--- Web page caption snippets ---
______

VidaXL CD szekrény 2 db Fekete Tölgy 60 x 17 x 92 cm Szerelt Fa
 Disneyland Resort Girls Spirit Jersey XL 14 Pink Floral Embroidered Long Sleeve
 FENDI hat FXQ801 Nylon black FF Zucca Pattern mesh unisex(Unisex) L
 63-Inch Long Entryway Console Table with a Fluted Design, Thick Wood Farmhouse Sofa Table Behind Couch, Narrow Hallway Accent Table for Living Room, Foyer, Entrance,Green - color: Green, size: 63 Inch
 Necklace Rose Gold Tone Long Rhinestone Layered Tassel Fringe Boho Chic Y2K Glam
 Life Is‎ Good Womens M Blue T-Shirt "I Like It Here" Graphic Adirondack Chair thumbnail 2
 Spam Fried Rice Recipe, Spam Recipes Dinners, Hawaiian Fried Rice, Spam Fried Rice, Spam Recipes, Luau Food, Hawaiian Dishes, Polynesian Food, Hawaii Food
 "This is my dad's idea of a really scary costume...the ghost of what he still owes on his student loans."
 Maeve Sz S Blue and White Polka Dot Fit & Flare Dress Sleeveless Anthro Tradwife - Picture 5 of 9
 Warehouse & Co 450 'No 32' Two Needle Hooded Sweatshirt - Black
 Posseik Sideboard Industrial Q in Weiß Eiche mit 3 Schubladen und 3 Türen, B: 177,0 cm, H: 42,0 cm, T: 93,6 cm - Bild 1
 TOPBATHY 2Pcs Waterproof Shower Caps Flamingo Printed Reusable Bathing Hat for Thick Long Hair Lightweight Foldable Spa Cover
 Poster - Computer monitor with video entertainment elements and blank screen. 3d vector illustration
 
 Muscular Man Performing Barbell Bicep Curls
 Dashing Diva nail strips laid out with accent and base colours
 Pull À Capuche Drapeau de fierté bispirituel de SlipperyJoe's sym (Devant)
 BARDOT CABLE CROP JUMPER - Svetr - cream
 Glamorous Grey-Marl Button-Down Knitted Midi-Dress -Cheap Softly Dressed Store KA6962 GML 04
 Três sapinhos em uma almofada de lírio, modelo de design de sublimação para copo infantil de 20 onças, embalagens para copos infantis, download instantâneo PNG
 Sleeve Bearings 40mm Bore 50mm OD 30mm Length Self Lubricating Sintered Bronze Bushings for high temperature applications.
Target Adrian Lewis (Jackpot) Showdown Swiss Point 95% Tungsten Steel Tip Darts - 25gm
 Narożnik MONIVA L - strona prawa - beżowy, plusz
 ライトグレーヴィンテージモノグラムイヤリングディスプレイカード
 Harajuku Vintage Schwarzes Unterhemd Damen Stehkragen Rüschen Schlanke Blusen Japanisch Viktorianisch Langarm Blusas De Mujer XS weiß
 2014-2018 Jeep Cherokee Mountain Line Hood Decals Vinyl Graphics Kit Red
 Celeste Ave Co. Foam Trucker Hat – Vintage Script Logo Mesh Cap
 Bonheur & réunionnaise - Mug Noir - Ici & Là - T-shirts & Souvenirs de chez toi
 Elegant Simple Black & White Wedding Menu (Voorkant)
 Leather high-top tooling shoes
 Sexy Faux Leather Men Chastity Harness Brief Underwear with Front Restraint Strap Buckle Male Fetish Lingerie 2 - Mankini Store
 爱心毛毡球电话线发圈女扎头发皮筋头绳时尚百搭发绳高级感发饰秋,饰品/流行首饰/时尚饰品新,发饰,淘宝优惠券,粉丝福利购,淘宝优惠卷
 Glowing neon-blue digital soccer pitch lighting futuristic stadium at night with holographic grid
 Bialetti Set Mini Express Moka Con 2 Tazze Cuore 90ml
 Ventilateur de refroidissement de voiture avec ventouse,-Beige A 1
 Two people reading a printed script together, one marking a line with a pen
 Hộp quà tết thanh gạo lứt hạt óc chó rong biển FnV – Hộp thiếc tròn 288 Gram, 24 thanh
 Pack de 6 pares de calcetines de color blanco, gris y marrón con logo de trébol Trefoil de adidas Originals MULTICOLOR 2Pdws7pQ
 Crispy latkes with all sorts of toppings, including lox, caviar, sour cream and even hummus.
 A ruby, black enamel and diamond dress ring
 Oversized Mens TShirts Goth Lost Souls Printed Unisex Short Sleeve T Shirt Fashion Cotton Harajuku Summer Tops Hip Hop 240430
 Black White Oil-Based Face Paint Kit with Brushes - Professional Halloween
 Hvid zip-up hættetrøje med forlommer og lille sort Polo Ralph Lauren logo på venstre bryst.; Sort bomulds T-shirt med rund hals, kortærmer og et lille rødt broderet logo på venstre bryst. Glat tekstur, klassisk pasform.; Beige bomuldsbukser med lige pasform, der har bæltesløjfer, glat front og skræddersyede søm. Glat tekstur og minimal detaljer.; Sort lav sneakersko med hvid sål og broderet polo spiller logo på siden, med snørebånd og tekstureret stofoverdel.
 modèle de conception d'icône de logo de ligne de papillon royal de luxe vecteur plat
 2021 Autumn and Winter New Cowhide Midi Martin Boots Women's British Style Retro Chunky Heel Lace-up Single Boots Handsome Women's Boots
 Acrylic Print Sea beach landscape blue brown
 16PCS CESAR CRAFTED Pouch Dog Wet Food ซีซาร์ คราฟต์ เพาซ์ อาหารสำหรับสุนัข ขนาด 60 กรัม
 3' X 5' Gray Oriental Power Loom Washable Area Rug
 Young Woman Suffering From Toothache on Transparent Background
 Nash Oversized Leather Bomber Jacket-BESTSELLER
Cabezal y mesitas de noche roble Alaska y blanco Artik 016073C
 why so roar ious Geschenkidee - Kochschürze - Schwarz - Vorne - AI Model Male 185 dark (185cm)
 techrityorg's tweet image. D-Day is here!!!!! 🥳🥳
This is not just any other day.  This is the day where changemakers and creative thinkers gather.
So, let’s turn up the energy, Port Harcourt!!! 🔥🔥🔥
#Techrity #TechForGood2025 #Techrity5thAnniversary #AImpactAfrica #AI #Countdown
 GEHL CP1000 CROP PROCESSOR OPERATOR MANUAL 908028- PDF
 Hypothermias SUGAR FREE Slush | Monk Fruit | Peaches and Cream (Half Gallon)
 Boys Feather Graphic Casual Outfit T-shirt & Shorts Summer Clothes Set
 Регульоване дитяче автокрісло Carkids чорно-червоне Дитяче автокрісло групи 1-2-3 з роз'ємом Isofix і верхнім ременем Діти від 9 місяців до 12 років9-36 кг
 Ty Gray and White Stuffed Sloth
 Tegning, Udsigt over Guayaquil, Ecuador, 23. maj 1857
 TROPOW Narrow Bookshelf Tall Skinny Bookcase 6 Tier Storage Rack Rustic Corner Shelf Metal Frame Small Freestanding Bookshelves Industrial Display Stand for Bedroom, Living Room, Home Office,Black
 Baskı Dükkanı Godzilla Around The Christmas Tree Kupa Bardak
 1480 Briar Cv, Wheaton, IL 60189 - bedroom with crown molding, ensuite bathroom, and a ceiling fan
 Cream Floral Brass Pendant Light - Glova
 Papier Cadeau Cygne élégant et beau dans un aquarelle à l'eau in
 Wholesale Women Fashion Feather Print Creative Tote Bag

______

--- ABOUT THIS TASK ---
Copy out every record above once more, precisely as written.

--- SOLUTION TO THE EXERCISE ---
VidaXL CD szekrény 2 db Fekete Tölgy 60 x 17 x 92 cm Szerelt Fa
 Disneyland Resort Girls Spirit Jersey XL 14 Pink Floral Embroidered Long Sleeve
 FENDI hat FXQ801 Nylon black FF Zucca Pattern mesh unisex(Unisex) L
 63-Inch Long Entryway Console Table with a Fluted Design, Thick Wood Farmhouse Sofa Table Behind Couch, Narrow Hallway Accent Table for Living Room, Foyer, Entrance,Green - color: Green, size: 63 Inch
 Necklace Rose Gold Tone Long Rhinestone Layered Tassel Fringe Boho Chic Y2K Glam
 Life Is‎ Good Womens M Blue T-Shirt "I Like It Here" Graphic Adirondack Chair thumbnail 2
 Spam Fried Rice Recipe, Spam Recipes Dinners, Hawaiian Fried Rice, Spam Fried Rice, Spam Recipes, Luau Food, Hawaiian Dishes, Polynesian Food, Hawaii Food
 "This is my dad's idea of a really scary costume...the ghost of what he still owes on his student loans."
 Maeve Sz S Blue and White Polka Dot Fit & Flare Dress Sleeveless Anthro Tradwife - Picture 5 of 9
 Warehouse & Co 450 'No 32' Two Needle Hooded Sweatshirt - Black
 Posseik Sideboard Industrial Q in Weiß Eiche mit 3 Schubladen und 3 Türen, B: 177,0 cm, H: 42,0 cm, T: 93,6 cm - Bild 1
 TOPBATHY 2Pcs Waterproof Shower Caps Flamingo Printed Reusable Bathing Hat for Thick Long Hair Lightweight Foldable Spa Cover
 Poster - Computer monitor with video entertainment elements and blank screen. 3d vector illustration
 
 Muscular Man Performing Barbell Bicep Curls
 Dashing Diva nail strips laid out with accent and base colours
 Pull À Capuche Drapeau de fierté bispirituel de SlipperyJoe's sym (Devant)
 BARDOT CABLE CROP JUMPER - Svetr - cream
 Glamorous Grey-Marl Button-Down Knitted Midi-Dress -Cheap Softly Dressed Store KA6962 GML 04
 Três sapinhos em uma almofada de lírio, modelo de design de sublimação para copo infantil de 20 onças, embalagens para copos infantis, download instantâneo PNG
 Sleeve Bearings 40mm Bore 50mm OD 30mm Length Self Lubricating Sintered Bronze Bushings for high temperature applications.
Target Adrian Lewis (Jackpot) Showdown Swiss Point 95% Tungsten Steel Tip Darts - 25gm
 Narożnik MONIVA L - strona prawa - beżowy, plusz
 ライトグレーヴィンテージモノグラムイヤリングディスプレイカード
 Harajuku Vintage Schwarzes Unterhemd Damen Stehkragen Rüschen Schlanke Blusen Japanisch Viktorianisch Langarm Blusas De Mujer XS weiß
 2014-2018 Jeep Cherokee Mountain Line Hood Decals Vinyl Graphics Kit Red
 Celeste Ave Co. Foam Trucker Hat – Vintage Script Logo Mesh Cap
 Bonheur & réunionnaise - Mug Noir - Ici & Là - T-shirts & Souvenirs de chez toi
 Elegant Simple Black & White Wedding Menu (Voorkant)
 Leather high-top tooling shoes
 Sexy Faux Leather Men Chastity Harness Brief Underwear with Front Restraint Strap Buckle Male Fetish Lingerie 2 - Mankini Store
 爱心毛毡球电话线发圈女扎头发皮筋头绳时尚百搭发绳高级感发饰秋,饰品/流行首饰/时尚饰品新,发饰,淘宝优惠券,粉丝福利购,淘宝优惠卷
 Glowing neon-blue digital soccer pitch lighting futuristic stadium at night with holographic grid
 Bialetti Set Mini Express Moka Con 2 Tazze Cuore 90ml
 Ventilateur de refroidissement de voiture avec ventouse,-Beige A 1
 Two people reading a printed script together, one marking a line with a pen
 Hộp quà tết thanh gạo lứt hạt óc chó rong biển FnV – Hộp thiếc tròn 288 Gram, 24 thanh
 Pack de 6 pares de calcetines de color blanco, gris y marrón con logo de trébol Trefoil de adidas Originals MULTICOLOR 2Pdws7pQ
 Crispy latkes with all sorts of toppings, including lox, caviar, sour cream and even hummus.
 A ruby, black enamel and diamond dress ring
 Oversized Mens TShirts Goth Lost Souls Printed Unisex Short Sleeve T Shirt Fashion Cotton Harajuku Summer Tops Hip Hop 240430
 Black White Oil-Based Face Paint Kit with Brushes - Professional Halloween
 Hvid zip-up hættetrøje med forlommer og lille sort Polo Ralph Lauren logo på venstre bryst.; Sort bomulds T-shirt med rund hals, kortærmer og et lille rødt broderet logo på venstre bryst. Glat tekstur, klassisk pasform.; Beige bomuldsbukser med lige pasform, der har bæltesløjfer, glat front og skræddersyede søm. Glat tekstur og minimal detaljer.; Sort lav sneakersko med hvid sål og broderet polo spiller logo på siden, med snørebånd og tekstureret stofoverdel.
 modèle de conception d'icône de logo de ligne de papillon royal de luxe vecteur plat
 2021 Autumn and Winter New Cowhide Midi Martin Boots Women's British Style Retro Chunky Heel Lace-up Single Boots Handsome Women's Boots
 Acrylic Print Sea beach landscape blue brown
 16PCS CESAR CRAFTED Pouch Dog Wet Food ซีซาร์ คราฟต์ เพาซ์ อาหารสำหรับสุนัข ขนาด 60 กรัม
 3' X 5' Gray Oriental Power Loom Washable Area Rug
 Young Woman Suffering From Toothache on Transparent Background
 Nash Oversized Leather Bomber Jacket-BESTSELLER
Cabezal y mesitas de noche roble Alaska y blanco Artik 016073C
 why so roar ious Geschenkidee - Kochschürze - Schwarz - Vorne - AI Model Male 185 dark (185cm)
 techrityorg's tweet image. D-Day is here!!!!! 🥳🥳
This is not just any other day.  This is the day where changemakers and creative thinkers gather.
So, let’s turn up the energy, Port Harcourt!!! 🔥🔥🔥
#Techrity #TechForGood2025 #Techrity5thAnniversary #AImpactAfrica #AI #Countdown
 GEHL CP1000 CROP PROCESSOR OPERATOR MANUAL 908028- PDF
 Hypothermias SUGAR FREE Slush | Monk Fruit | Peaches and Cream (Half Gallon)
 Boys Feather Graphic Casual Outfit T-shirt & Shorts Summer Clothes Set
 Регульоване дитяче автокрісло Carkids чорно-червоне Дитяче автокрісло групи 1-2-3 з роз'ємом Isofix і верхнім ременем Діти від 9 місяців до 12 років9-36 кг
 Ty Gray and White Stuffed Sloth
 Tegning, Udsigt over Guayaquil, Ecuador, 23. maj 1857
 TROPOW Narrow Bookshelf Tall Skinny Bookcase 6 Tier Storage Rack Rustic Corner Shelf Metal Frame Small Freestanding Bookshelves Industrial Display Stand for Bedroom, Living Room, Home Office,Black
 Baskı Dükkanı Godzilla Around The Christmas Tree Kupa Bardak
 1480 Briar Cv, Wheaton, IL 60189 - bedroom with crown molding, ensuite bathroom, and a ceiling fan
 Cream Floral Brass Pendant Light - Glova
 Papier Cadeau Cygne élégant et beau dans un aquarelle à l'eau in
 Wholesale Women Fashion Feather Print Creative Tote Bag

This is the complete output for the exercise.